Uscito nel 2001, si basa su una storia avvincente e originale.
Gordon Fleming, titolare di una ditta di bonifica e neopapà con una situazione familiare non proprio rosea, ottiene l’appalto per eliminare l’amianto da un manicomio abbandonato, chiuso nel 1985. Sin dalle scene iniziali del sopralluogo Anderson ci prende per mano e ci conduce in lunghi corridoi pieni di sporcizia e macerie, in cui ammiccano inquietanti sedie a rotelle e s’intrecciano enormi condotti e tubature.
Alcuni giorni dopo i cinque operai dell’impresa cominciano il risanamento. Ma le operazioni prendono subito una cattiva piega: tra i lavoratori esistono dissapori e tensioni, che paiono intensificarsi col passare dei giorni e la permanenza nel manicomio. Inoltre una sinistra presenza sembra aleggiare nel complesso e alcuni nastri audio ritrovati in un vecchio archivio svelano la terribile vicenda di una giovane paziente dell’ospedale psichiatrico, Mary, afflitta da disturbi della personalità. L’inquietante passato dell’edificio s’intreccia col presente, e il nervosismo si trasforma in terrore quando un operaio svanisce nel nulla.
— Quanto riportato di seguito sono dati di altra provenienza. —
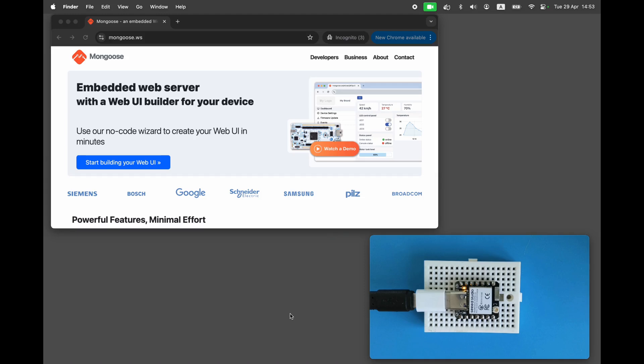In this video we'll show you how to implement a professional web dashboard on the ESP32 series of microcontrollers.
Anderson è molto capace nel delineare la psicologia dei personaggi (uno ha la fobia del buio, uno problemi con la moglie, altri due litigano continuamente per una storia di donne) e le loro relazioni, affrescando una discesa da incubo nella mente del protagonista principale (un ottimo Peter Mullan.) La pellicola scorre senza cali di tensione, mantenendo la suspence sempre molto alta e spiazzando lo spettatore con numerosi “ribaltoni.” E la colossale presenza del manicomio è il palcoscenico ideale per raccontare questa storia di fragilità mentale e precarie relazioni personali.
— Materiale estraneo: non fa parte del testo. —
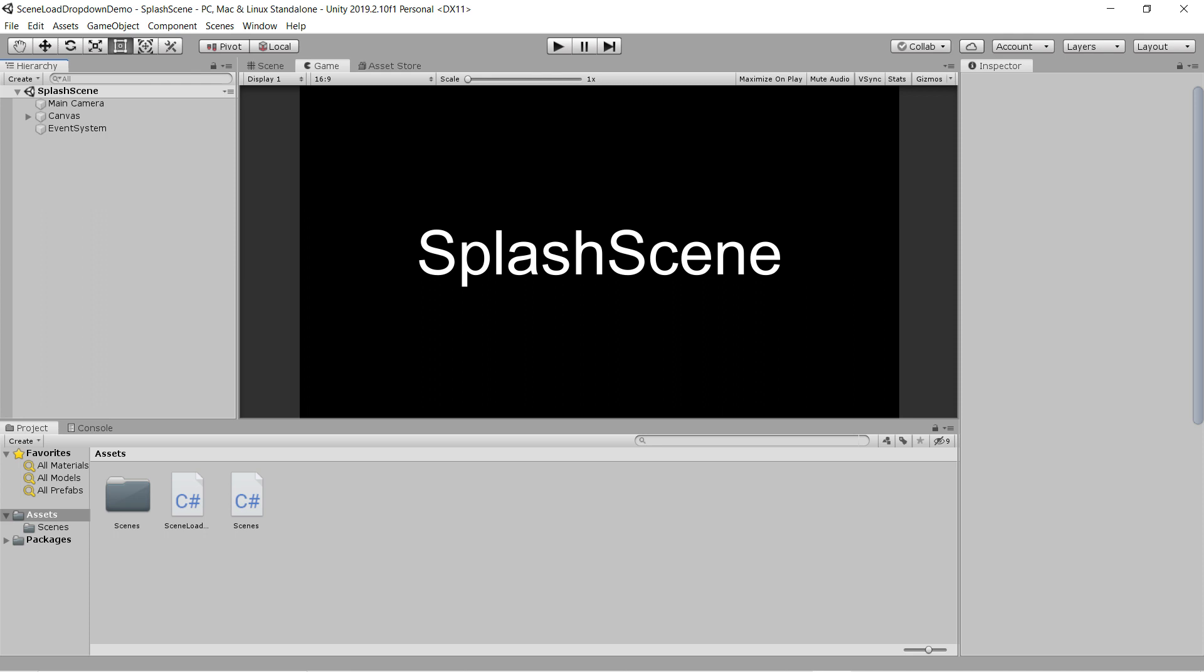As your Unity project grows in size, you may notice that you're wasting a lot of time searching through the project tab to find the scene you want to load.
Punti forti della pellicola:
- una solidissima sceneggiatura di Anderson e Stephen Gevendon (anche attore nella pellicola), che calca la mano sulla psicologia dei personaggi, intrecciandola in maniera molto sottile con un passato oscuro;
- una location spaventosa, un complesso maestoso, realmente esistente, che si erge a protagonista principale. Un po’ come quell’Overlook Hotel che tanti incubi ha regalato agli appassionati della paura su celluloide, così l’ospedale psichiatrico di Session 9 rappresenta il punto d’incontro tra un macabro passato e l’anima tormentata del protagonista;
- una colonna sonora distorta e malata, perfetto accompagnamento per una vicenda di follia.
Il film non è esente da difetti, in primis una fotografia che a volte non convince – l’inesperienza del giovane Anderson un po’ si fa sentire – e scelte di montaggio che in alcuni casi generano confusione. Ma sono imperfezioni risibili di fronte a un film che dimostra come sia possibile confezionare un ottimo prodotto pur senza affidarsi a produzioni esagerate e a effetti speciali da baraccone. Un low-budget dimenticato, una piccola chicca da riscoprire.